9. The learned Single Judge had come to the conclusion, on the facts stated above, that the petitioner's case would be governed by the decision of this Court in Moti Ram Deka and Ors. v. General Manager, North East Frontier Railway : (1964)IILLJ467SC as the petitioner's prospects and emoluments were adversely affected by the impugned order. The learned Judge thought that the mere fact that the Department was reorganised and that the petitioner was to be fitted into an appropriate category by the procedure laid down in Rule 5 did not take away the effect, that is to say, the loss of his emoluments, of the procedure to which the petitioner had been subjected. This view implied that Article 311 of the Constitution was attracted by the case despite the above mentioned creation of the Central Information Service by the rules.
10. The Division Bench which heard the Appeal of the Union of India was not inclined to interfere with the discretion of the learned Single Judge in rejecting the objection to the petition on the ground of delay. We too will not enter into this question which was not argued before us.
11. The Division Bench, after reviewing facts leading to the absorption of the Appellant into a newly constituted Central Information Service, in accordance with the procedure laid down in Rule 5 mentioned above, held that the 'News and Information Cadre' of the Department, in which the Appellant was initially appointed, had been superseded by the cadres and grades constituted by the rules of the new service. It overruled the contention of the Petitioner that the effect of the rules was merely to transfer employees in existing posts to corresponding posts with new designations. It held that the Rules did create an altogether new service. It pointed out that the process of entry into the new service was of selection of each individual candidate after an examination of his individual record and qualifications by a Selection Committee before which he appeared so that there could be no automatic fitting into some corresponding appropriate post of a pre-determined class and grade. The rules and process for the Constitution of the new service did not guarantee the class or grade or emoluments enjoyed by any candidate in a cadre in which he served prior to the setting up of the new service. It, therefore, held that no question of demotion or reduction in rank, without observing the procedure laid down in Article 311 of the Constitution arose at all in the instant case.

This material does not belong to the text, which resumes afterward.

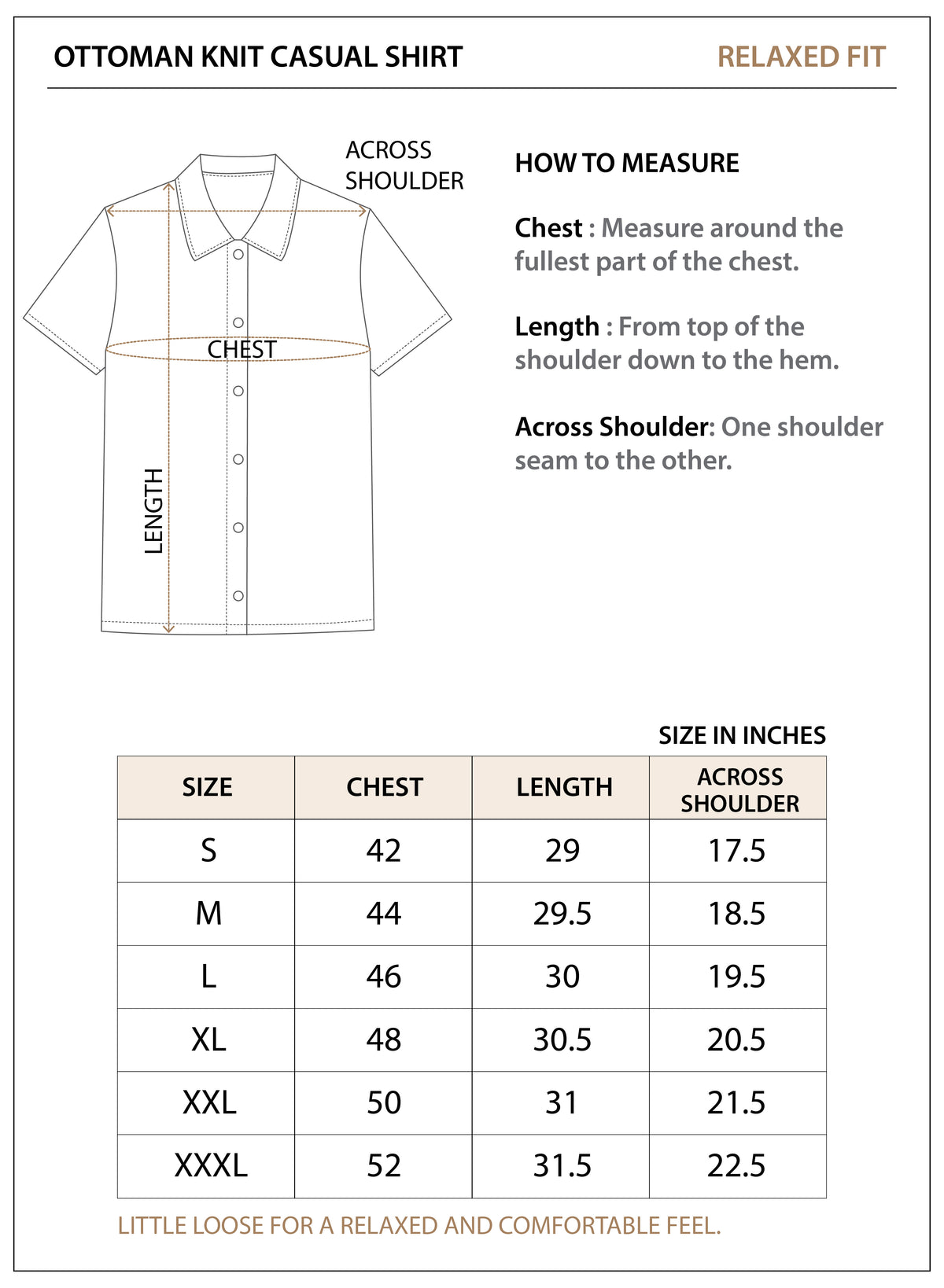 Size chart for Ottoman Knit Casual Shirt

12. Mr Anthony, appearing on behalf of the Appellant, has assailed the correctness of the decision of the Division Bench of the Delhi High Court on five grounds. We will take up and consider each of these seriatim.
13. Firstly, it is contended that the Division Bench had erred in allowing an affidavit to be filed on 26.6.1967 before it, without affording an opportunity to the Appellant to repel its contents by filing a counter-affidavit. It was urged that the result was that an altogether new case, neither argued before nor referred to by the learned Single Judge, had been allowed to be raised. This ground is no doubt mentioned among the grounds on which a certificate of the fitness for an appeal to this Court was sought. The Judgment of the Division Bench mentions that, in the course of arguments, the question arose whether the post of Editor in the Publications Division was abolished or had ceased to exist. It appears that an affidavit was then allowed to be filed before the Division Bench on behalf of the Union of India in which it was stated that two posts of Editors in the scale of Rs. 720-40-1000 in the Publications Division had ceased to exist as a consequence of the inclusion of two posts in the revised grade of Rs. 700-40-1100-50/2-1250 with effect from 1.7.1959 in the Central Information Service constituted from 1.3.1960. There is nothing in the Judgment or anywhere else to show that the petitioner had asked for any opportunity to controvert any statement made in the affidavit dated 26.7.1967 and had been denied that.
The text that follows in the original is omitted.